(Scraped caption text data)
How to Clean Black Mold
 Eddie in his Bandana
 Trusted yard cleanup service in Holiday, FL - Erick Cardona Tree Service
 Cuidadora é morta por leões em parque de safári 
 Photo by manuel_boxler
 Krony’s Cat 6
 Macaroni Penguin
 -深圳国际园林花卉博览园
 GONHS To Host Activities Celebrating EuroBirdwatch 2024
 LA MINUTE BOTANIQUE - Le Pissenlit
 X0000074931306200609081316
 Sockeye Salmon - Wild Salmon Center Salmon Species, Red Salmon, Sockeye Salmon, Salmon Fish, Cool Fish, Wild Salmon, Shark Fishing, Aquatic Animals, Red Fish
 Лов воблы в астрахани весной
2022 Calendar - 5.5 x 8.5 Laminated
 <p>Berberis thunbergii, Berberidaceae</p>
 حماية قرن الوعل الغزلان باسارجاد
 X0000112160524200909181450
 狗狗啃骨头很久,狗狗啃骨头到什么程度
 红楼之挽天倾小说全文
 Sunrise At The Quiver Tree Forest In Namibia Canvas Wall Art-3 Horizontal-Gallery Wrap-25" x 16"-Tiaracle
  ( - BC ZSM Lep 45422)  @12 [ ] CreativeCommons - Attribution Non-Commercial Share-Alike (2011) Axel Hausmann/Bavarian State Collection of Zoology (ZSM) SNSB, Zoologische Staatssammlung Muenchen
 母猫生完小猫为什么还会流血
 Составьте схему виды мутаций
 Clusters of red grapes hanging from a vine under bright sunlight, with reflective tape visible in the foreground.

_What the task requires_
Could you set down exactly the lines above, from the one containing "GONHS To Host" through the last, including both and nothing else?

_Answer section_
 GONHS To Host Activities Celebrating EuroBirdwatch 2024
 LA MINUTE BOTANIQUE - Le Pissenlit
 X0000074931306200609081316
 Sockeye Salmon - Wild Salmon Center Salmon Species, Red Salmon, Sockeye Salmon, Salmon Fish, Cool Fish, Wild Salmon, Shark Fishing, Aquatic Animals, Red Fish
 Лов воблы в астрахани весной
2022 Calendar - 5.5 x 8.5 Laminated
 <p>Berberis thunbergii, Berberidaceae</p>
 حماية قرن الوعل الغزلان باسارجاد
 X0000112160524200909181450
 狗狗啃骨头很久,狗狗啃骨头到什么程度
 红楼之挽天倾小说全文
 Sunrise At The Quiver Tree Forest In Namibia Canvas Wall Art-3 Horizontal-Gallery Wrap-25" x 16"-Tiaracle
  ( - BC ZSM Lep 45422)  @12 [ ] CreativeCommons - Attribution Non-Commercial Share-Alike (2011) Axel Hausmann/Bavarian State Collection of Zoology (ZSM) SNSB, Zoologische Staatssammlung Muenchen
 母猫生完小猫为什么还会流血
 Составьте схему виды мутаций
 Clusters of red grapes hanging from a vine under bright sunlight, with reflective tape visible in the foreground.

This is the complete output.